(Saved entries)
______

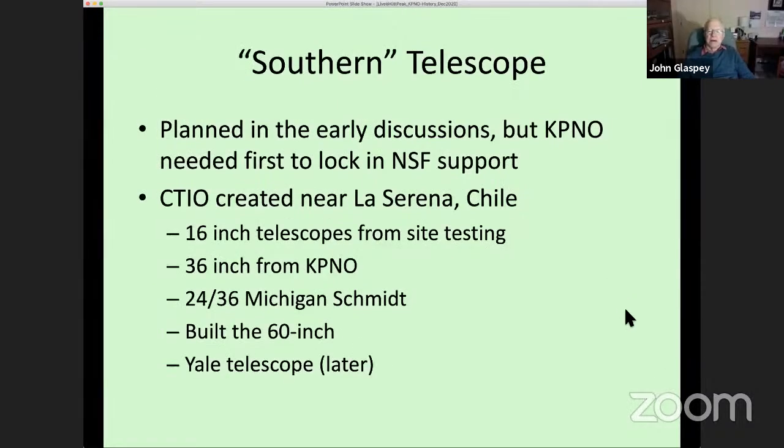Around that time, AURA and the NSF were entertaining the idea of developing a southern site — a Southern Telescope where astronomers could study the southern sky. Kitt Peak at roughly 30 degrees latitude means the most southern portion of the sky isn't visible. This led to the development of CTIO — the Cerro Tololo Inter-American Observatory near La Serena, Chile — which ended up with several telescopes as well.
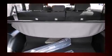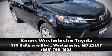Our sales reps are extremely helpful and knowledgeable. Call now to schedule a test drive.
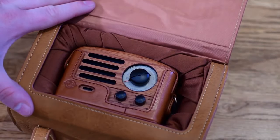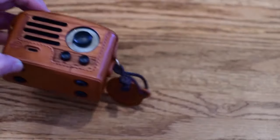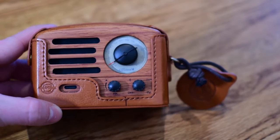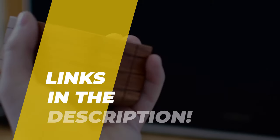What's up folks, welcome back to the channel, where today we will discuss the best retro radios on the market in 2021. So without wasting any time, let's jump into the video. By the way, links to all the featured products are given in the description below. Do check it out.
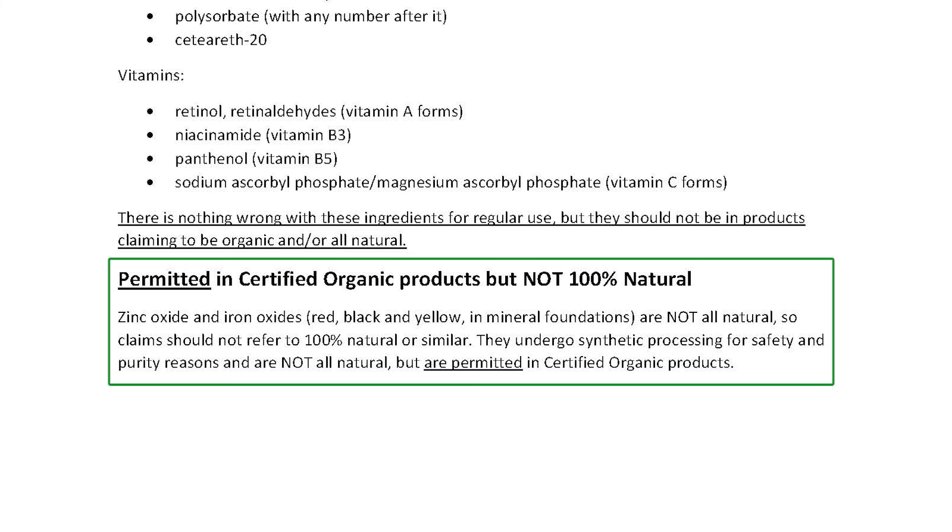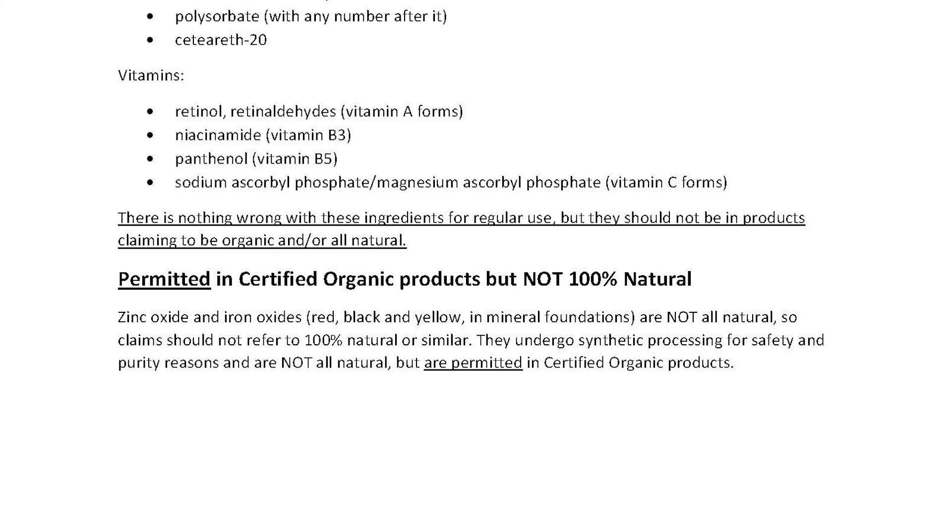It's also interesting to note that zinc oxide and iron oxides — yellow, black, and red — are not truly natural. These materials are permitted to be used in certified organic products even though they're not truly natural. They're mined from the ground, which means they need significant processing and purification steps to ensure heavy metals and other contaminants are removed before use in personal care. So products containing these materials should not be claiming they're 100% natural.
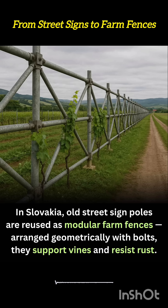It's a rural upgrade grounded in resourcefulness, where geometry meets green thinking.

______

* EXERCISE REQUIREMENTS:
In the answer, include exactly the lines from the top of the entries through the line containing "Our sales reps", and nothing else, not even the pictures.

* RESULT FOR THIS TASK:
Around that time, AURA and the NSF were entertaining the idea of developing a southern site — a Southern Telescope where astronomers could study the southern sky. Kitt Peak at roughly 30 degrees latitude means the most southern portion of the sky isn't visible. This led to the development of CTIO — the Cerro Tololo Inter-American Observatory near La Serena, Chile — which ended up with several telescopes as well.
Our sales reps are extremely helpful and knowledgeable. Call now to schedule a test drive.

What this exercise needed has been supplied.